The Willow City Loop explodes with bluebonnets in spring.

The Willow City Loop explodes with bluebonnets in spring.


Above photo: The Willow City Loop explodes with bluebonnets in spring.

Story and photos by Charles Williams

Charles is the editor for Pursuits with Enterprise. Email the author.

Willow City Loop ranks high as a bucket-list drive for wildflower lovers.

Like a prized truffle-hunting dog, Matt Phelps sniffs out the best spots to photograph Texas bluebonnets. The task isn’t easy. Depending on the weather, bluebonnets can pop up anywhere, anytime in spring. It’s like playing a game of Whac-A-Mole with the official state flower.

During spring, Phelps spends 20 hours a week combing social media for recent bluebonnet posts, and twice a day he takes people on photography tours in the Hill Country, an especially scenic region in central Texas. If you’re not familiar with the area, the tours are a good way to find hidden spots that include old barns, boarded-up taverns and abandoned railroad trestles, all nestled in fields of beautiful bluebonnets.

Of course, bluebonnets aren’t the only wildflower in Texas. Indian paintbrushes, prairie verbena, pink evening primroses and many more thrive naturally — 2,700 kinds of wildflowers in all. But bluebonnets hold a special place in Texans’ hearts. After declaring it the state flower in 1901, the legislature squabbled for 70 more years before deciding to include all five species.

Posing with bluebonnets is a Texas tradition. Families and their pets are often seen taking portraits in fields of bluebonnets. The blue burst occurs from March through May, often peaking in April.

Lady Bird Johnson, wife of President Lyndon Baines Johnson, deserves much of the credit for the colorful explosion each spring. As first lady, she championed planting wildflowers along roadsides. She believed that beautifying the countryside was more than a cosmetic gesture. “Where flowers bloom, so does hope,” she said.

I hoped to find more scenes like the ones I discovered with Phelps, so after the tour, I set out on my own.

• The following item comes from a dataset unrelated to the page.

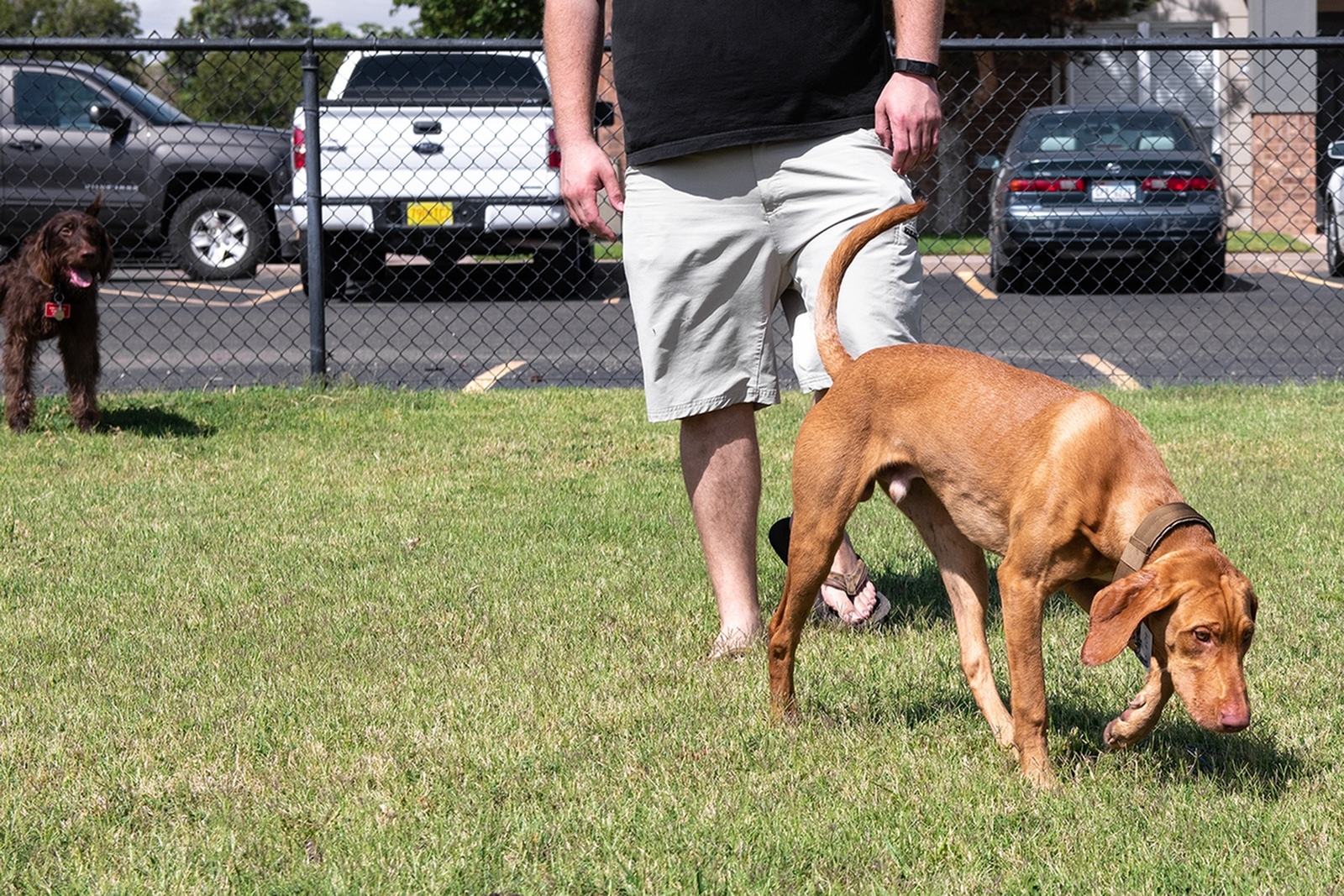 Bring Your Dog to the Off Leash, Fenced Pet Park with Obstacles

My first stop was the Blue Bonnet Cafe in Marble Falls. Since 1929, the servers here have been slinging pie with meringue piled so high it barely fits through the door.

“Pie happy hour” had the place buzzing, and customers were stopping by in droves. After ordering a slice of pecan pie and coffee, I worked up the nerve to ask my swamped waitress where to find bluebonnets. “Honey, I don’t know. I come to work in the dark and leave in the dark,” she said. Point taken.

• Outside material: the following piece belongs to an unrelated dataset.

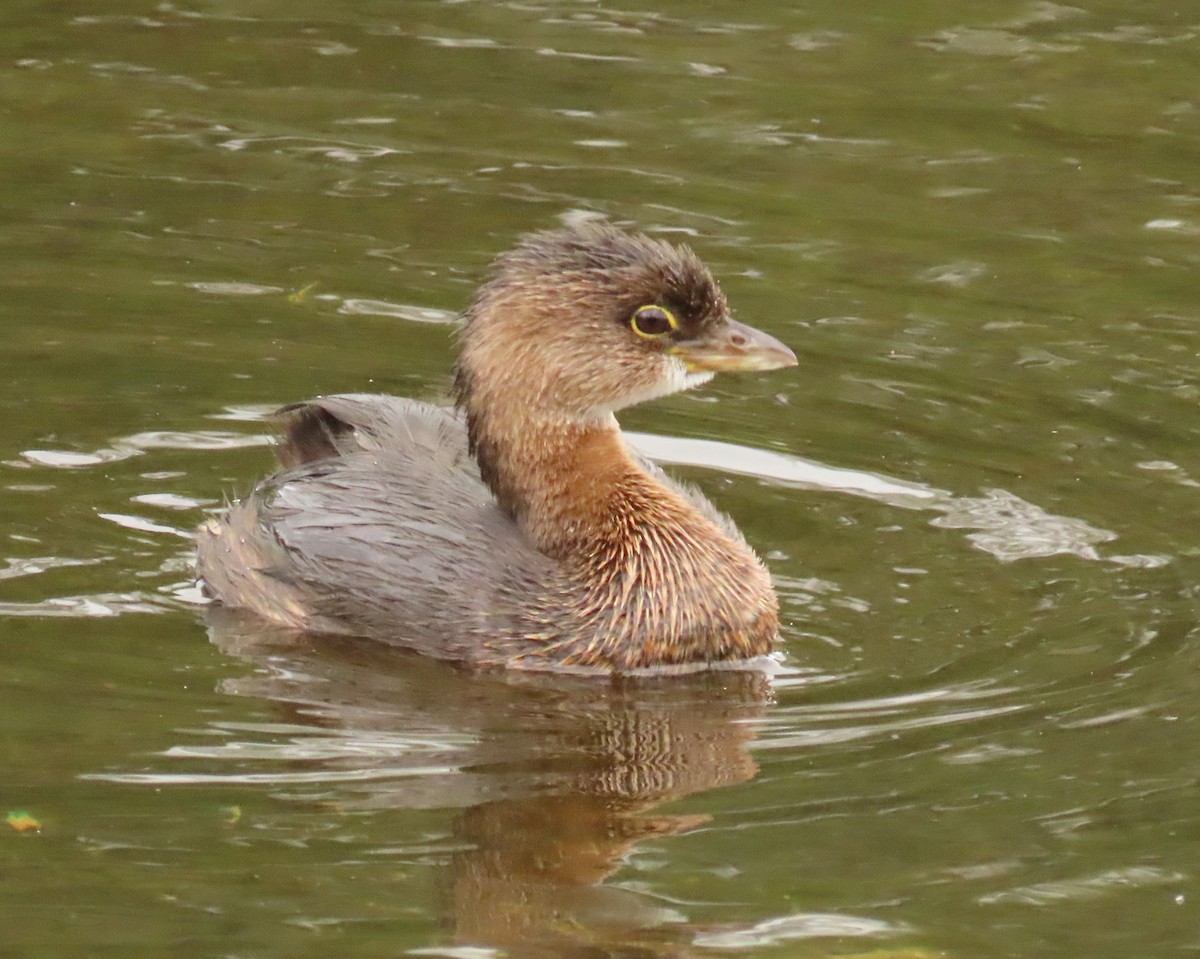 Пірникоза рябодзьоба - ML646989234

I called the Chamber of Commerce in Llano, stopped by the Lady Bird Johnson Wildflower Center in Austin, and cornered a less busy waitress at the Peach Tree Tea Room in Fredericksburg, always asking the same question — where’s the best place to see bluebonnets? The same answer was given over and over: Willow City Loop.

Willow City Loop is a 13-mile scenic drive located between Fredericksburg and Llano, just off Highway 16. The drive traverses the rugged Texas landscape and passes over hills and through meadows bursting with wildflowers, particularly bluebonnets. In spring, the loop ranks high as a bucket-list drive for wildflower lovers.

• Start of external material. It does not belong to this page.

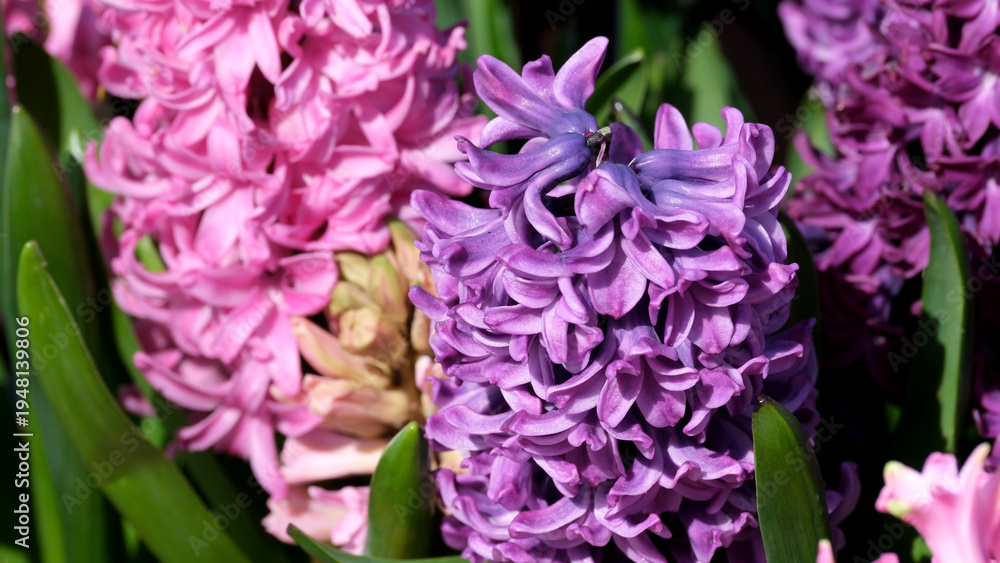 Obraz premium Colorful hyacinth flowers bloom in a vibrant garden during springtime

Along the drive, you’ll see fence posts adorned with cowboy boots, stately ranches and a Longhorn or two. Bluebonnets are blooming everywhere, and when they line both sides of the road, it’s a sight to behold.

While wildflowers also bloom along the freeways, this charming country road — lined with windmills, wooden fences and grazing cattle — adds a down-home touch, and it’s fairly easy to pull over and admire the flowers. Just be mindful that much of the land is private property and boundaries should be respected.

Willow City Loop is the most popular drive in the area, but the joy of discovery awaits anyone willing to take backroads in the Hill Country. As I drove aimlessly, my mind wandered to the days of the old Sunday drive, when plodding along at a leisurely pace was more important than the actual destination.

On my way back to Austin, I stopped at Wildseed Farms in Fredericksburg. Their fields of bluebonnets hadn’t peaked yet (they grow faster along roadsides due to heat). I picked up a quarter pound of bluebonnet seeds, determined to do my part to beautify America.

My last stop was the Lyndon B. Johnson National Historical Park in Stonewall, the final resting place of Lady Bird Johnson. Throughout my travels in search of bluebonnets, I recalled her steadfast determination to beautify our roadsides. Lady Bird’s legacy lives on among those who drive and marvel at wildflowers each spring. Fittingly, her headstone displays a carved Texas bluebell — her favorite flower — and the inscription reads: “A gentle heroine to nature and mankind.”